Si la idealización persiste intacta más allá del despertar sexual, es decir, si la conciencia del sexo aparece por noticias externas, y no mediante la experiencia directa, dicha conciencia se convertirá en una víctima más, seguramente la más sacrificada, de una ambición desmadrada. Símbolo máximo de la unión en la pareja, su realización será la culminación de la misma y, al serlo, de nuestra vida entera. El sexo realizará el amor, y éste la vida, mediante el amor de nuestra vida, con quien haremos el amor. Mediante la aparición del sexo, el sentido de la vida se desplaza una vez más de lo grande a su símbolo. Lo hubo hecho ya de la vida al amor, y ahora lo hace del amor al sexo. En la exacerbación de este esquema de diana en el que acertar en lo pequeño constituye de por sí el éxito en lo grande, el nodo de todas las líneas de fuerza del universo aparecerá en el hito del orgasmo simultáneo. Hace tiempo que tuvimos la suerte de que los sexólogos se apiadaran de nosotros dispensándonos de la obligación de corrernos a la vez que nuestra pareja para poder considerarnos felices. Lo que desde entonces ha dado en llamarse “buen sexo” se ha vuelto algo más flexible, aunque nunca seriamente crítico. La diana se desenfoca, pero no se corrige.
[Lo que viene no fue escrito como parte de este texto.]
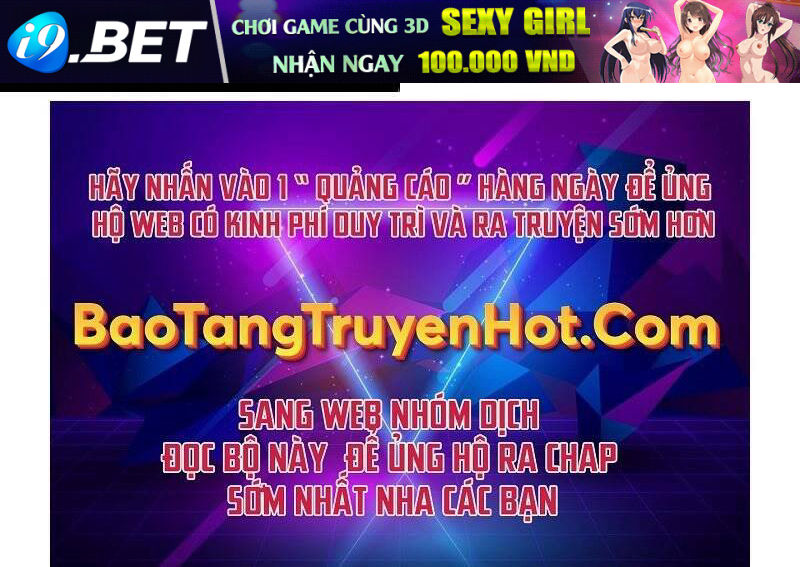 Gậy Gỗ Cấp 99+ - Chapter 25.5 - Page 252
Con estos mimbres aparecemos en el mundo. Caballeros y princesas dispuestos, por enésima vez en la tierra, unos a escalar la torre, otros a ser sacados de ella. Nuestra incomparable belleza, nuestra fuerza invencible, la nobleza de nuestras armas, la excelencia de nuestras virtudes, derribarán esa muralla que nos separa de la felicidad encarnada. Entonces las princesas se dispondrán a esperar. Y tardarán mucho, mucho tiempo en descubrir que no se encuentran en la torre de un alto castillo que se recorta contra el paisaje y al que el mejor de los caballeros se dispone ya a asediar, sino olvidadas en la más profunda mazmorra de una guarida perdida en tierra de nadie, que nadie encontraría si, en el mejor de los casos, pretendiera buscarla. Mientras tanto, en algún lugar, tal vez próximo, el caballero se mirará a sí mismo para descubrir que no tiene mejor presencia que la de un miserable hobbit, ni más arma que la resistencia de sus pies. Ante sí, para su sorpresa, no aparecerá castillo alguno. Sólo entornando los ojos llegará a intuir, más allá de innumerables regiones hostiles, cada una más tenebrosa que la anterior, cada una más dispuesta que la anterior a hacerle sucumbir, una torre oscura iluminada por un fuego sobrehumano. Hasta allí deberá llegar, porque allí, ¿en qué otro sitio?, debe de estar el amor, y por alto que sea el riesgo, por improbable que sea el éxito, ¿qué otra cosa merece la pena hacer que intentar conquistarlo?
Pero, de todos los hobbits que somos albergados por el mundo, sólo uno es Frodo: el de la película para niños.